2. il volontariato deve essere capace di esprimere una strategia comune di partecipazione e di intervento al suo interno e nel rapporto con gli altri soggetti territoriali (cooperative sociali, associazioni di promozione sociale, enti locali, sindacati, imprese etc..) al fine di addivenire a possibili intese finalizzate alla costruzione di patti territoriali che rispondano ai bisogni della comunità;

3. il volontariato deve imparare ad essere “scomodo, indigesto, antipatico”, sintomi indiscutibili di un ruolo politico esercitato con consapevolezza ed efficacia;

4. il volontariato deve essere capace di fornire un contributo nell’affrontare le problematiche emergenti, mettendo a disposizione persone, esperienze, capacità di mobilitazione di risorse, ma anche, e forse soprattutto, riflessioni e idee per cercare di fornire risposte convincenti ai fenomeni di cambiamento in atto;

5. il volontariato deve essere capace di custodire e coltivare la sensibilità per agire in controtendenza e per contagiare positivamente la speranza sopita nel tessuto sociale ed istituzionale e contribuire a ricreare un tessuto di solidarietà di base (intergenerazionale, interculturale, tra i membri di società attraversate dal rischio dell’atomizzazione e dell’individualismo);

6. il volontariato deve essere capace di essere volano per l’attivazione di virtuosi circuiti generatori di cittadinanza attiva e responsabile e di vera ed efficace sussidiarietà.
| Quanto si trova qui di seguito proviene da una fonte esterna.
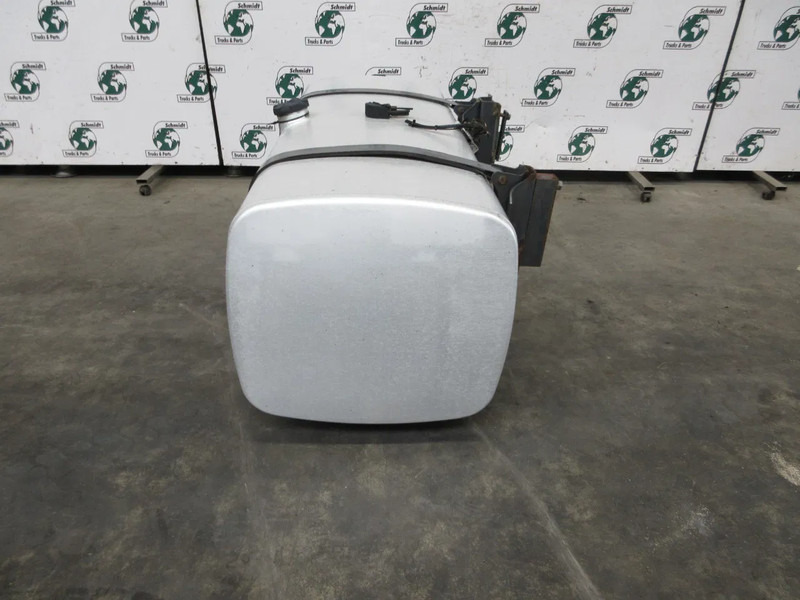 DAF 1681826 DIESEL TANK 620 LITER DAF CF XF EURO 6 - Réservoir de carburant pour Camion: photos 4 DAF 1681826 DIESEL TANK 620 LITER DAF CF XF EURO 6 - Réservoir de carburant pour Camion: photos 4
Porteremo avanti queste sfide nella convinzione che il volontariato è ingrediente essenziale, irrinunciabile e prezioso per guardare al futuro delle nostre Marche. Il capitale sociale generato e moltiplicato dalle nostre organizzazioni è infatti lievito per sviluppare comunità territoriali forti, coese, solidali, ricche di conoscenze e generatrici di speranza; la speranza di fare delle nostre Marche una regione più bella, più solidale, più attraente e più capace di futuro.